Five days after Y.'s adoption day, comes R.'s. We've now lived a year of polar opposite adoptions, and I've been wondering for days what I would write today; how I would convey our present reality; how I would communicate everything that has been roiling around in my head for this past year. Forgive me if this seems more personally therapeutic than a well-thought out blog post. I process my life through writing (if you hadn't already noticed), and the one year mark of R. being home seems to be a good time to start.
But where to start, that's the question. I suppose the brutal, honest truth is always a good place. It's been hard. It's been hard on everyone, and by everyone I am definitely including R. herself, for whom it has been the most difficult. Now, often when people say an adoption has been hard, it usually has lurking in the background the unspoken reality of raging and pain and destruction. The reality of feeling as though one is living with a ticking time bomb and every interaction is akin to tiptoeing through a mine field. That's not the hard I'm talking about. R. is extremely loving. In theory, we could just let her float through her day and she would be the most pleasant person in the house.

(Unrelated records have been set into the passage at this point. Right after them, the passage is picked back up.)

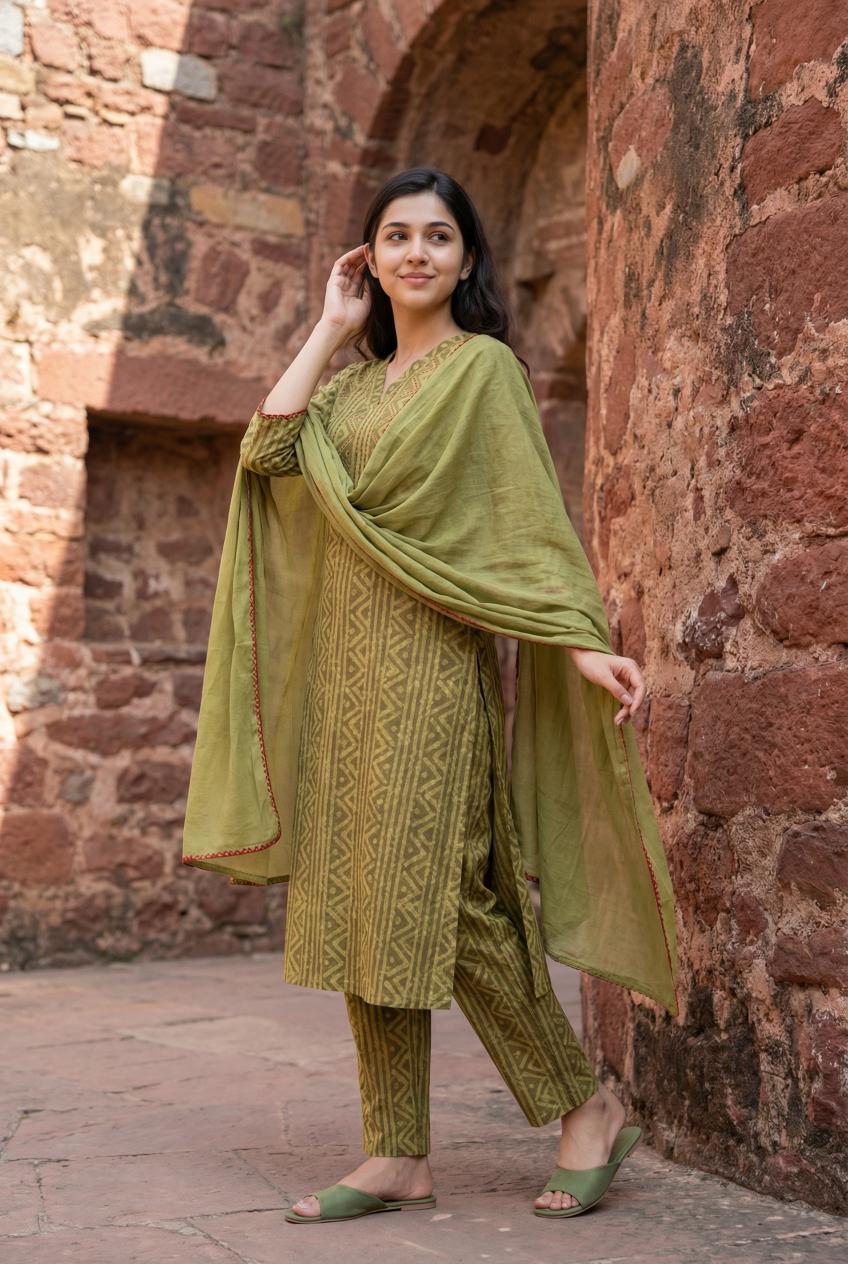 Green V-Neck Geometric Print Kurta Set For Women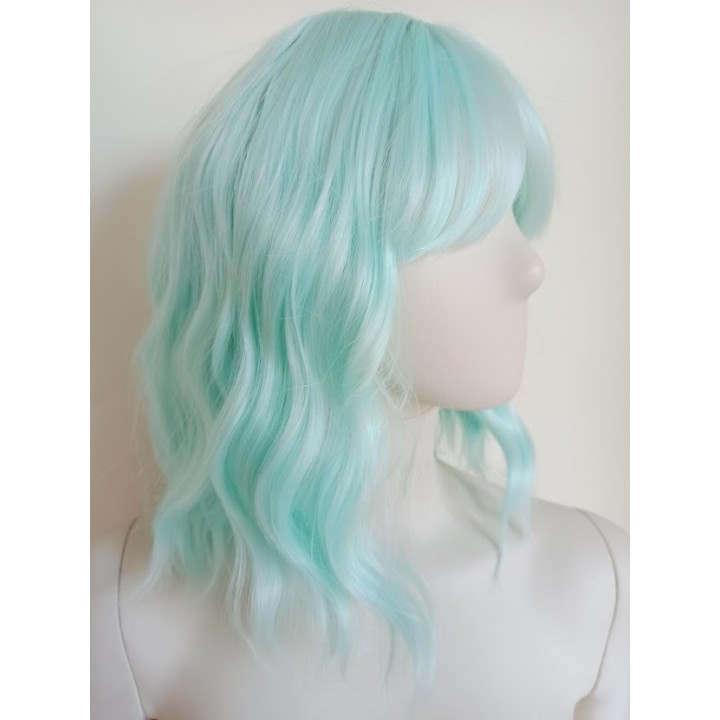 Peruka do ramion pastelowa zieleń seledynowa glam PK079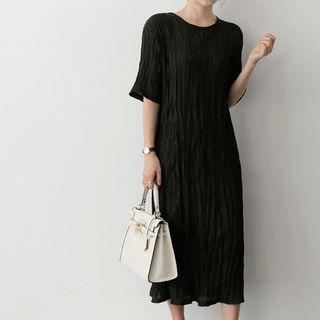 Elbow-sleeve Crinkled Long Dress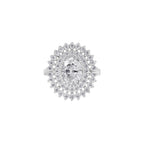 Aarinya Diamond Vintage Double-Halo Cocktail Ring, The Vantage Empress Oval Double Halo Statement Ring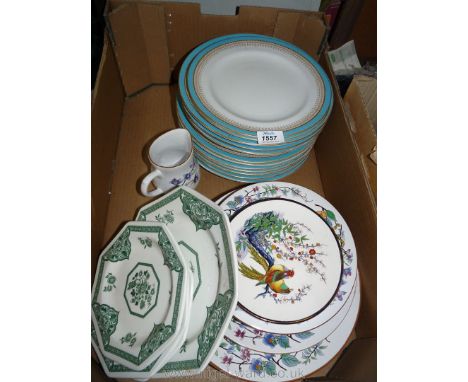 A quantity of dinner and side Plates including Mortlocks and Old Pekin by J &amp; G Meakin and Woodhill, etc.
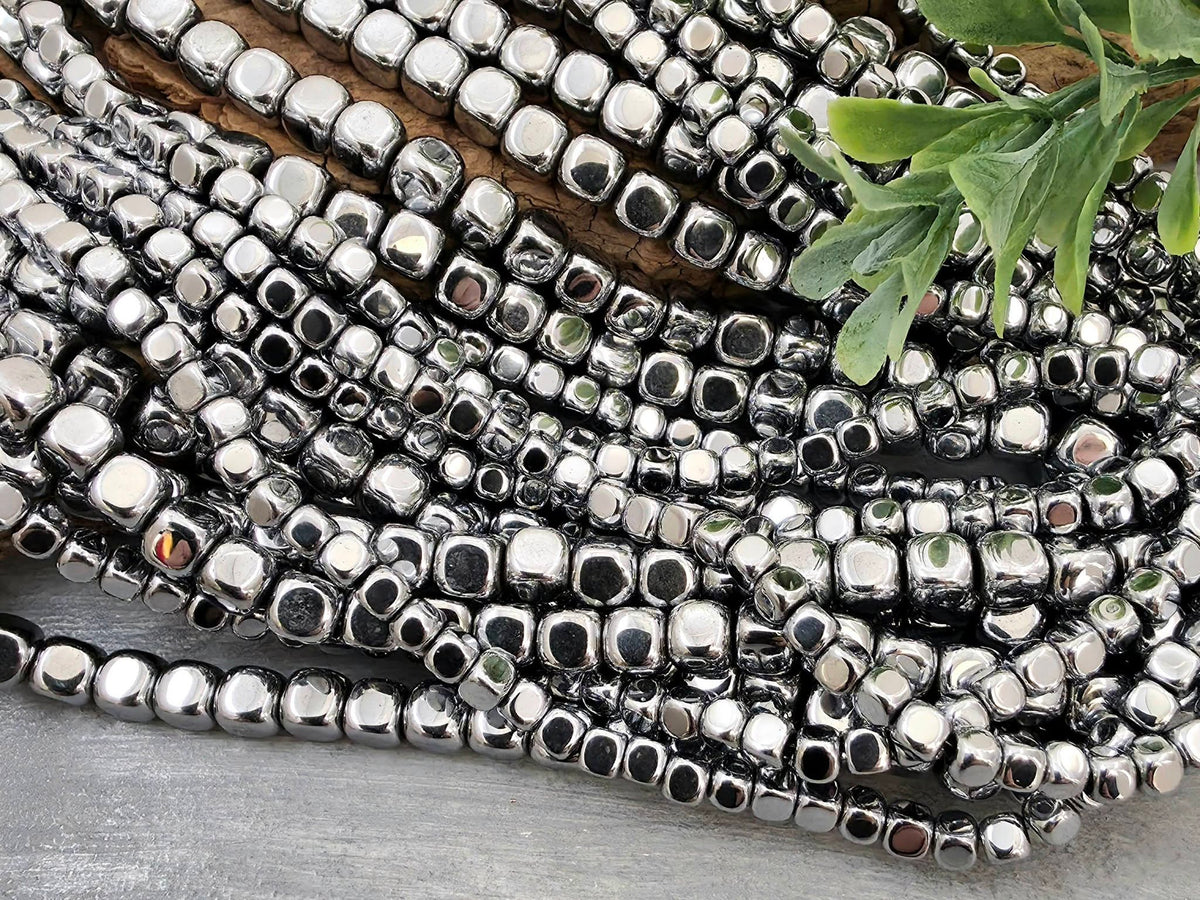 Platinum Silver - Hematite Cube Beads - 4/6mm - 15.5" Strand Main image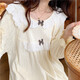 
Huinu is a pajamas for women in autumn palace style, sweet and small 2023 new pure cotton women's long-sleeved home clothes spring and autumn style apricot color 6210 [breastless pad]#[Y33] M 75-95Jin[Jin equals 0.5 kg]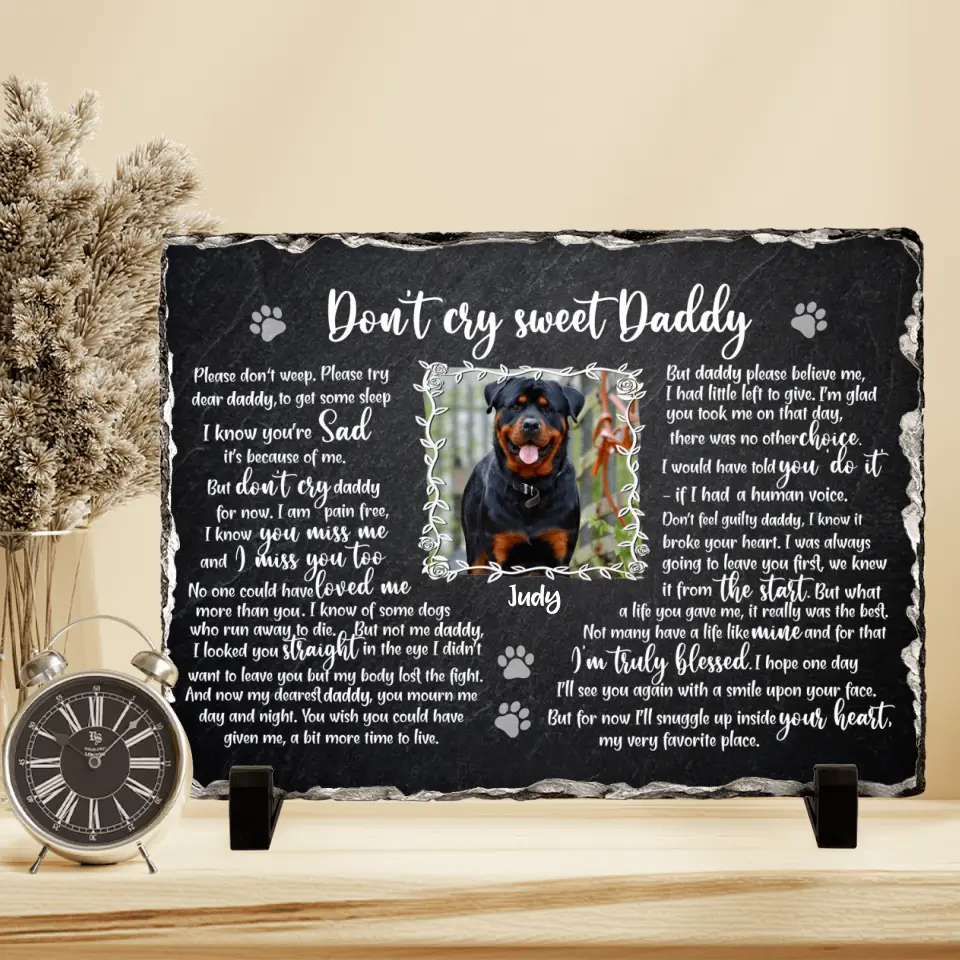 Personalized Memorial Rectangle Lithograph - Memorial Gift Idea For Dog Owner - Upload Photo - Don't Cry Sweet Daddy
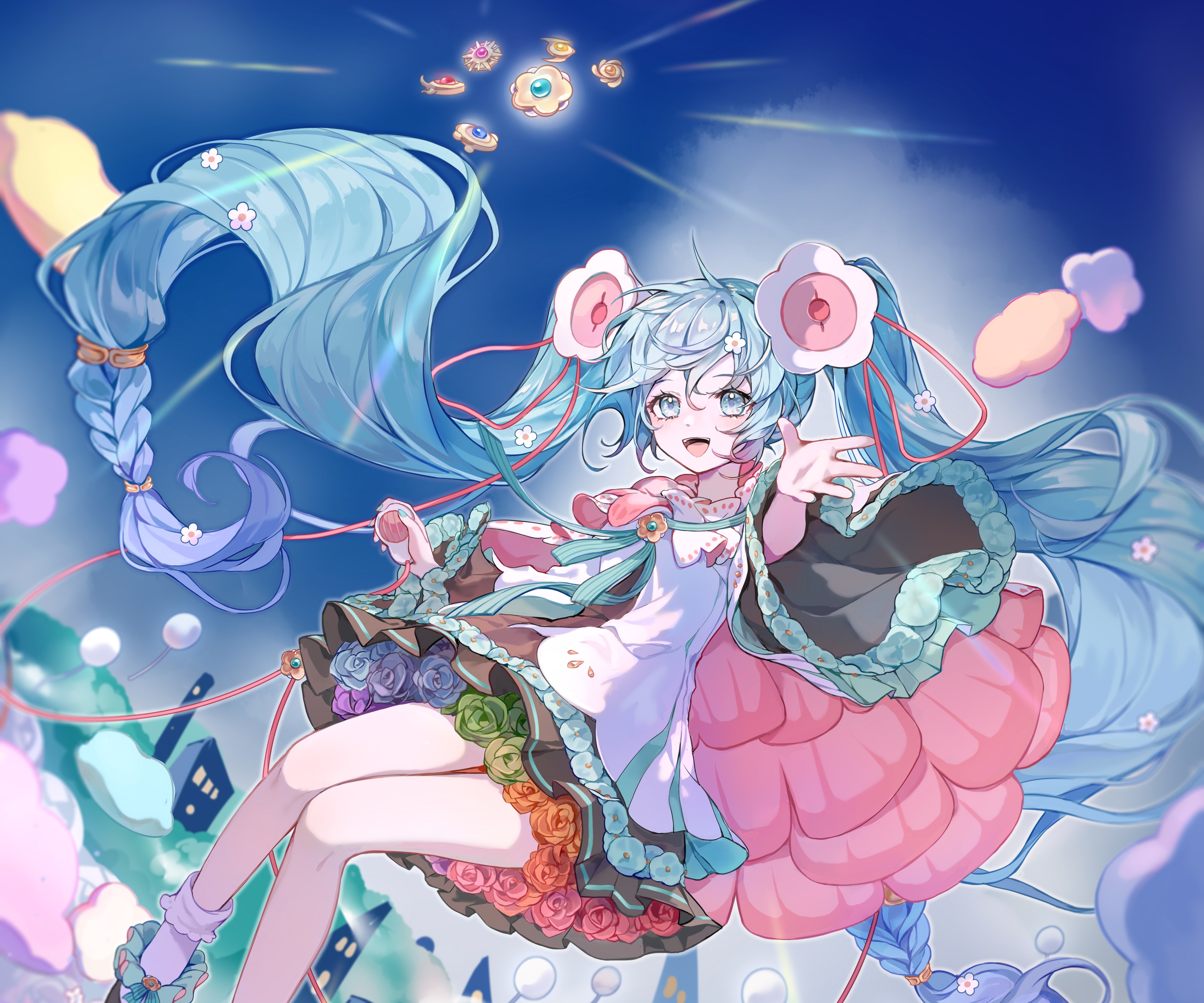 Hatsune Miku floating in a dreamlike sky HD Wallpaper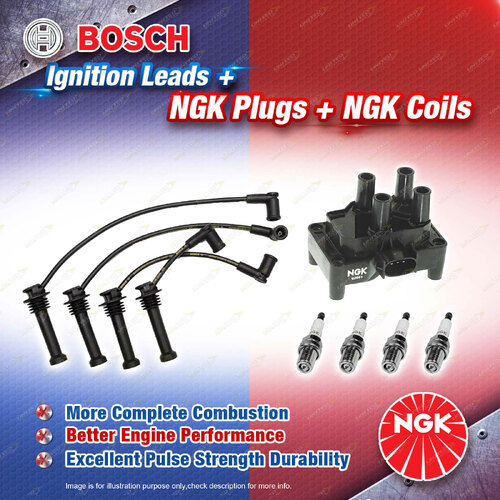 NGK Spark Plugs Coil + Bosch Leads Kit for Ford Focus LR EDDB 2.0L 4Cyl 16V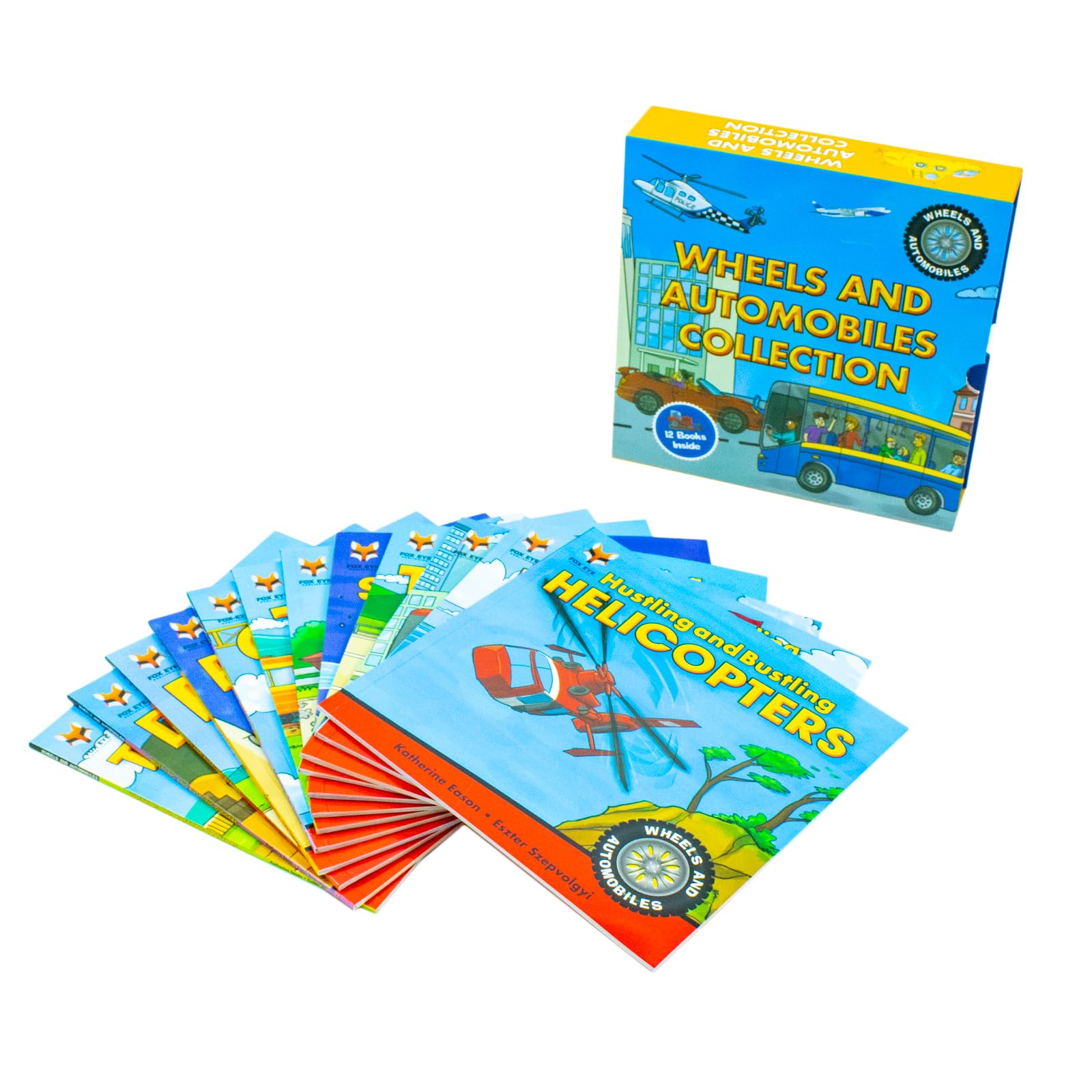 Close-up of individual book covers in the Wheels and Automobiles Collection, including Trucks, Planes, and Helicopters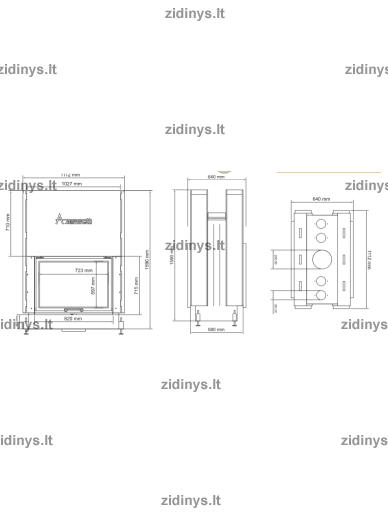 Židinys Acaminetti Flat W 75/60 1 Židinys Acaminetti Flat W 75/60 1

This is where it becomes difficult. I want more for this child. I want her to gain skills and awareness. I want her to develop an inner life. Heck, I want her to develop an outer life, one she can fully participate in to the best of her ability. I want so much for her. Yet the hard reality is, she is so trapped inside her own head and her own ingrained way of dealing with the world that she has no conception of there being anything outside of what she already is comfortable with. To break through this comfortableness is hard. To recreate the natural desires of childhood, the desire to explore, to discover, to experiment, to test, to push oneself. When a child has settled down into a very narrow window of what is comfortable and is afraid to leave that window it is challenging. And frustrating. And usually makes the parent feel more than a little rotten. This is especially true when any slight push out of this comfort zone is greeted with shrieking from the child at a level one would expect if a person's fingernails were being pulled off.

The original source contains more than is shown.